The debates show that doubt as to whether there was a common law of the United States which governed the subject in the absence of legislation was among the influences leading to the passage of the act. They conclusively show, however, that the main cause which led to the legislation was the thought that it was required by the economic condition of the times, that is, the vast accumulation of wealth in the hands of corporations and individuals, the enormous development of corporate organization, the facility for combination which such organizations afforded, the fact that the facility was being used, and that combinations known as trusts were being multiplied, and the widespread impression that their power had been and would be exerted to oppress individuals and injure the public generally. Although debates may not be used as a means for interpreting a statute ( United States v. Trans-Missouri Freight Association, 166 U.S. 318, and cases cited) that rule in the nature of things is not violated by resorting to debates as a means of ascertaining the environment at the time of the enactment of a particular law, that is, the history of the period when it was adopted.
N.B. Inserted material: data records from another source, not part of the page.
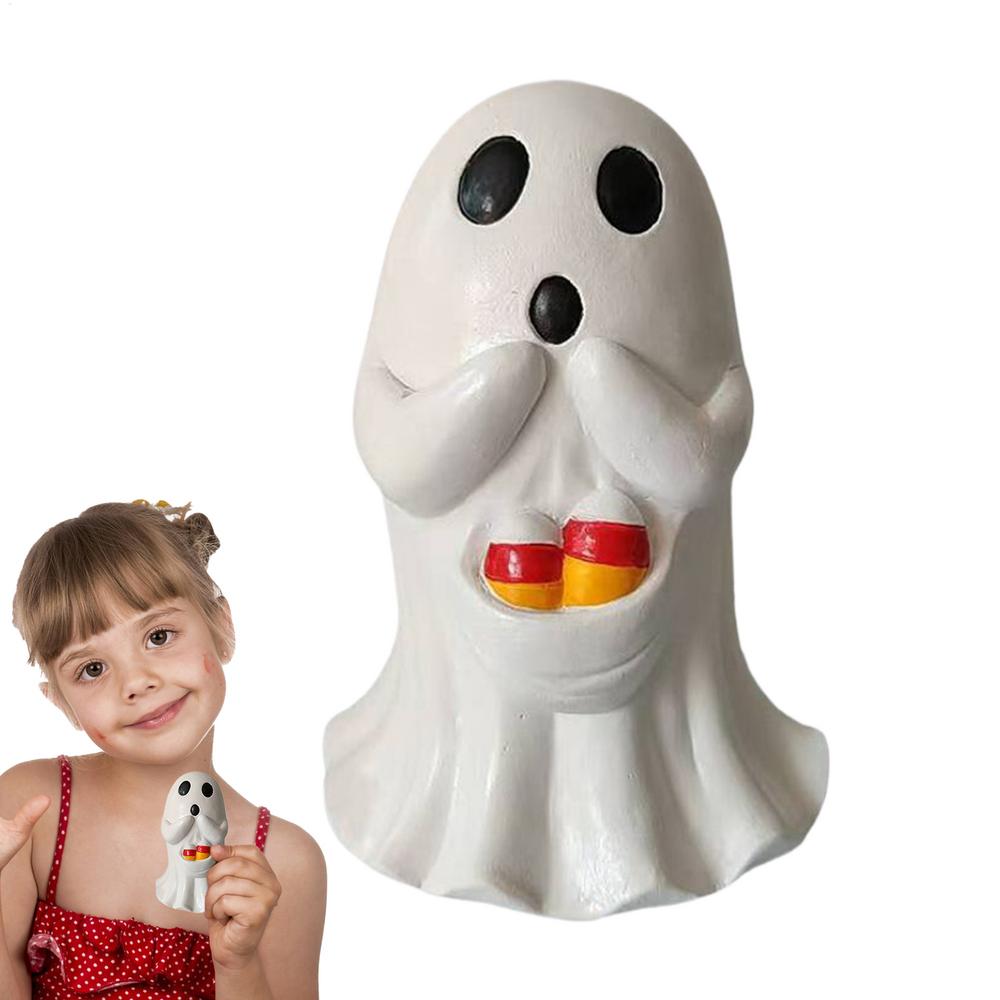 Ghost Statue Ghost Art Sculpture Cute Halloween Figurine Resin Ornament For Desk Bookshelf Mantel Bedroom Haunted House Garden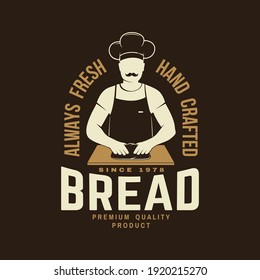 Fresh bread. Vector. Concept for badge, shirt, label, print, stamp or tee. Typography design with man making dough silhouette. Template for restaurant identity objects, packaging and menu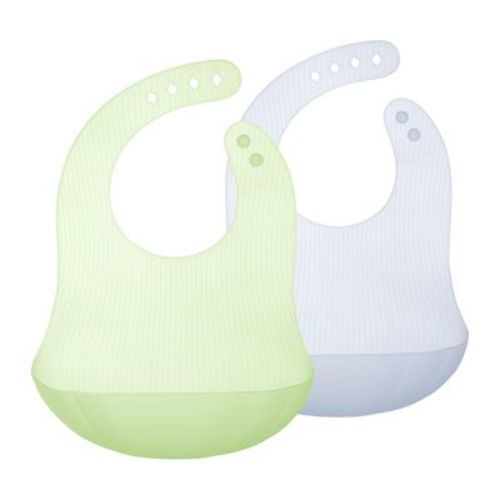 Olababy Fold N Go Silicone Bib With Travel Case - Blueberry/pearl (2pk)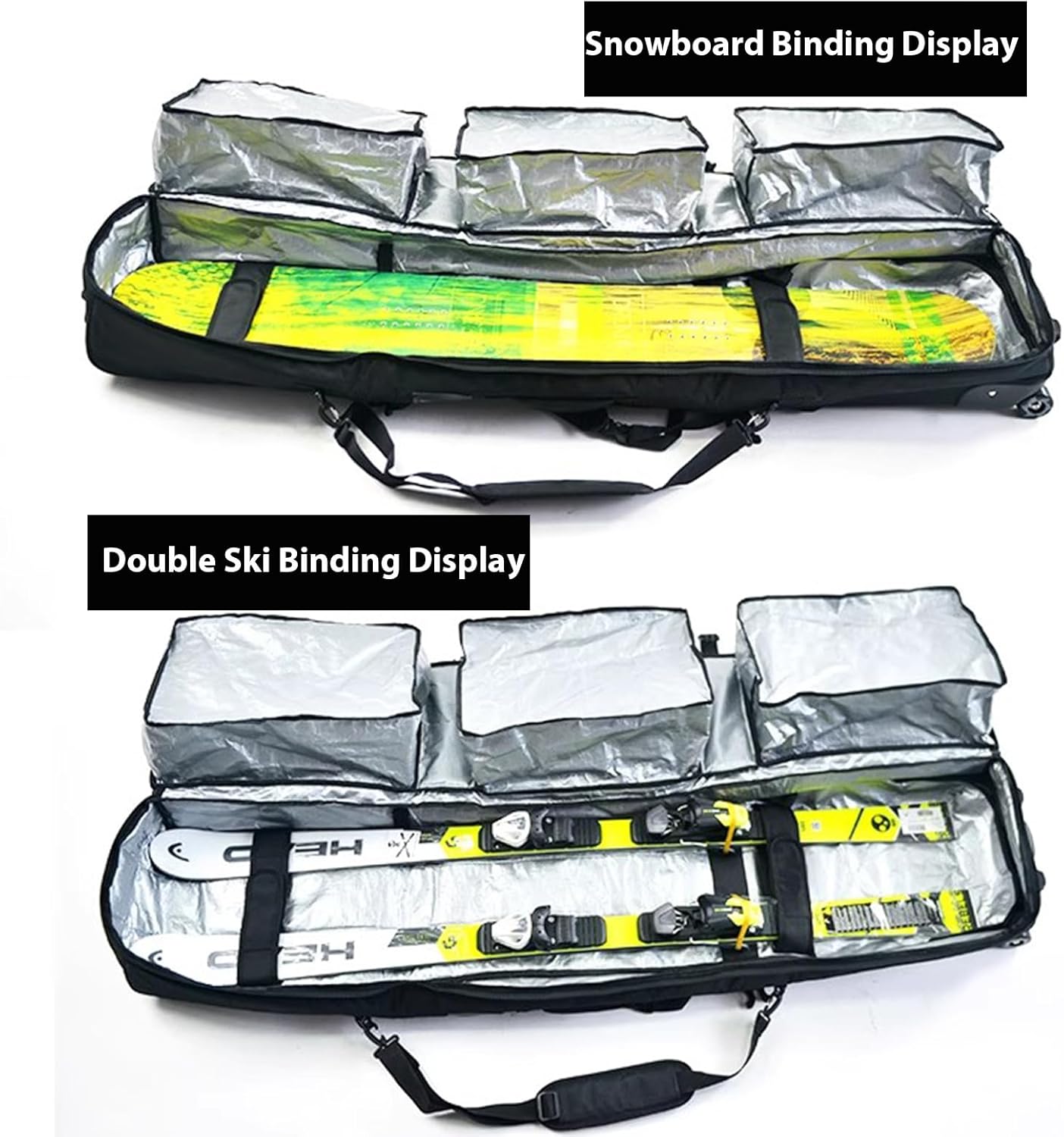 Snowboard Bag with Wheels Rolling Snowboard Bags Fully Padded Ski Bag for Air Travel Fit Single Ski/2 Sets Skis, Helmet, Jacket & Boots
There can be no doubt that the sole subject with which the first section deals is restraint of trade as therein contemplated, and that the attempt to monopolize and monopolization is the subject with which the second section is concerned. It is certain that those terms, at least in their rudimentary meaning, took their origin in the common law, and were also familiar in the law of this country prior to and at the time of the adoption of the act in question.

We shall endeavor then, first to seek their meaning, not by indulging in an elaborate and learned analysis of the English law and of the law of this country, but by making a very brief reference to the elementary and indisputable conceptions of both the English and American law on the subject prior to the passage of the Anti-trust Act.

a. It is certain that at a very remote period the words "contract in restraint of trade" in England came to refer to some voluntary restraint put by contract by an individual on his right to carry on his trade or calling. Originally all such contracts were considered to be illegal, because it was deemed they were injurious to the public as well as to the individuals who made them. In the interest of the freedom of individuals to contract this doctrine was modified so that it was only when a restraint by contract was so general as to be coterminous with the kingdom that it was treated as void. That is to say, if the restraint was partial in its operation and was otherwise reasonable the contract was held to be valid:

b. Monopolies were defined by Lord Coke as follows:

"`A monopoly is an institution, or allowance by the king by his grant, commission, or otherwise to any person or persons, bodies politic or corporate, of or for the sole buying, selling, making, working, or using of anything, whereby any person or persons, bodies politic or corporate, are sought to be restrained of any freedom or liberty that they had before, or hindered in their lawful trade.' (3 Inst. 181, c. 85.)"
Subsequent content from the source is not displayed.